Segment Start: MATERIALS PROVIDED

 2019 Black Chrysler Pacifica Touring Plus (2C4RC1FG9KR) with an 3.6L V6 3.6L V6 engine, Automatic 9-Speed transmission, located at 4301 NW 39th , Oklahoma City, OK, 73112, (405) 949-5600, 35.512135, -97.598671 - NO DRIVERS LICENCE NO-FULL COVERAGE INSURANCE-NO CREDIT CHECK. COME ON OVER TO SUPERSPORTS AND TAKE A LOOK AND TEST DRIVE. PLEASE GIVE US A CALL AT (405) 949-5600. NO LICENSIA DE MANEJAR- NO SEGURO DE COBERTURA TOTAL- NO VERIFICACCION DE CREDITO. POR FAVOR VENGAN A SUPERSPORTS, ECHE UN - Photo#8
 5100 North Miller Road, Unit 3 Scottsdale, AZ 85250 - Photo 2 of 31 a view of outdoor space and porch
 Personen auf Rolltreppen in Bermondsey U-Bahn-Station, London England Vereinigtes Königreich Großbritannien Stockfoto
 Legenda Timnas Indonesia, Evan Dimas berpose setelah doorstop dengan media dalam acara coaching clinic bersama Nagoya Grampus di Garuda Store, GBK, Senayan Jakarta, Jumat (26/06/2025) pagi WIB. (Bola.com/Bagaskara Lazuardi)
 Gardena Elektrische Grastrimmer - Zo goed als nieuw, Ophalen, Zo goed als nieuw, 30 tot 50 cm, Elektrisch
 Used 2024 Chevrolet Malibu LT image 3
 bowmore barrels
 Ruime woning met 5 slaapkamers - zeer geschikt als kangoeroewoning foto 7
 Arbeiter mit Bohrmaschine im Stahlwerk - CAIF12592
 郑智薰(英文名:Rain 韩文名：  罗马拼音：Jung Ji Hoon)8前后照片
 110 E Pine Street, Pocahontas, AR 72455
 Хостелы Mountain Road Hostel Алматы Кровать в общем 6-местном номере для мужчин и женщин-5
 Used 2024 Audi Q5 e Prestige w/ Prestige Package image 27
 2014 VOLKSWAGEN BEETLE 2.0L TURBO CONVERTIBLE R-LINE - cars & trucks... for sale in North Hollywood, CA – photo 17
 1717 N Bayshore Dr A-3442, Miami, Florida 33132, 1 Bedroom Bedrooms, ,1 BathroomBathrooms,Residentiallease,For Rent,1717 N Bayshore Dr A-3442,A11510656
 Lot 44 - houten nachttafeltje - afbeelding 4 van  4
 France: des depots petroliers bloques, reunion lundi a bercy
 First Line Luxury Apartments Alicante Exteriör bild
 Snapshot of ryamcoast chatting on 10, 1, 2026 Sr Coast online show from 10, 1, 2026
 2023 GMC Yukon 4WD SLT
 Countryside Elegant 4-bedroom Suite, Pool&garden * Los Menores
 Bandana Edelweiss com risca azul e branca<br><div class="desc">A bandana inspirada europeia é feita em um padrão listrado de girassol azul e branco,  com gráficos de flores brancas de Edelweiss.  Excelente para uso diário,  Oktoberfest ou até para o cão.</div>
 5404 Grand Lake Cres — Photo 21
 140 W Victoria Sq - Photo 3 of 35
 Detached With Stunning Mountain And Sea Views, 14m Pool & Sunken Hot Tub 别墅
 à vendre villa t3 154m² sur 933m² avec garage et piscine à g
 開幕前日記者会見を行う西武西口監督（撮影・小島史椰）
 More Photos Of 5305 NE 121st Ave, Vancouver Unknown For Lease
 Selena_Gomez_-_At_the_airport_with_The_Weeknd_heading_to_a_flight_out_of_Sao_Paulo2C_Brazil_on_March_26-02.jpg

Segment End: MATERIALS PROVIDED

■ EXERCISE: In the records above, find each line with the word "Pool" and copy it out.

■ OUTPUT FOR THIS EXERCISE:
 Countryside Elegant 4-bedroom Suite, Pool&garden * Los Menores
 Detached With Stunning Mountain And Sea Views, 14m Pool & Sunken Hot Tub 别墅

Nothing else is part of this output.